We have shown that not only is the injury to structures within the carpal tunnel negligible, but also that the injury to the AP is minimal. In fact, using a lesser diameter instrument (compared to an endoscope or hook knife) in the confined space of the CT allows minimal injury and trauma to the skin and to the subcutaneous soft tissue. Therefore, this may reduce the activation of the pro-inflammatory and pro-fibrotic cytokines around the AP (reflecting, at least partially, the hypothesis of the origin of DC) and resulting in a reduction of excessive scar formation, which, in some cases, has resulted in DC in patients after open surgery. This circumstance could also explain the fast postinterventional recovery described in recent clinical studies.

Our study faced several limitations. The limited availability of anatomical specimens restricted us from performing a higher number of interventions, leading to a small sample size insufficient for further statistical analysis.

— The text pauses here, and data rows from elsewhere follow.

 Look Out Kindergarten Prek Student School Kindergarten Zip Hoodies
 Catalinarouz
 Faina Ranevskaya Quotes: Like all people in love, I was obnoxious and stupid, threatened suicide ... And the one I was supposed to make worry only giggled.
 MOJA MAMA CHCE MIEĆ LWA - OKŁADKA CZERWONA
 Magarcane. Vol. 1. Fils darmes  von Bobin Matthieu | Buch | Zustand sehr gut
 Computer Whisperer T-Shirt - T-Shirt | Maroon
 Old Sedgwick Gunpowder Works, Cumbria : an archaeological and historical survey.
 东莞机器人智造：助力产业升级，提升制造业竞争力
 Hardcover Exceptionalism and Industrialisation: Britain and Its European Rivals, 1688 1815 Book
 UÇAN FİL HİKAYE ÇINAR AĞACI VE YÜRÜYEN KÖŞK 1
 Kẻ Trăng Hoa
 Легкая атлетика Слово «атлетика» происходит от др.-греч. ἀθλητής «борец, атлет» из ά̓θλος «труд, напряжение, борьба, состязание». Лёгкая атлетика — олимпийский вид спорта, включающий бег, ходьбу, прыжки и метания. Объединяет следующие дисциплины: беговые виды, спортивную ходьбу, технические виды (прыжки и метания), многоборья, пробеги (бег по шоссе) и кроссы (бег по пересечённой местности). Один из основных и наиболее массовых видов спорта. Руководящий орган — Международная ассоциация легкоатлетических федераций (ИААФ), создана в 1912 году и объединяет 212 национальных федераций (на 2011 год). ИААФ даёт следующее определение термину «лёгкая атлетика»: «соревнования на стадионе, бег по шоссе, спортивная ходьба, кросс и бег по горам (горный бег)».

Due to privacy protection of the body donors, we did not know their exact age or previous health conditions. As this was a postmortem study, we cannot easily extrapolate our results to live patients. However, Thiel-embalmed cadavers have been shown in the past to be a suitable model for ultrasound-guided interventions [32‐34]. It is our opinion that the average ultrasound visibility would still be superior in vivo and that the use of color Doppler sonography would be helpful for the detection of blood vessels.

During dissection, we observed a higher rate of the absence of the LPM (66.7%) than what has been described in the literature (1.5–63%) [35]. This is most likely due to the small sample size. However, given that the majority of the population has the palmaris longus tendon, this generally implies a less invasive approach for most individuals.

In conclusion, this study showed that TCTR is a suitable technique for the release of the carpal tunnel in an anatomical model. Unnecessary injury to adjacent structures could be avoided. However, further studies are recommended that include sufficient anatomical variants to further evaluate the safety of TCTR.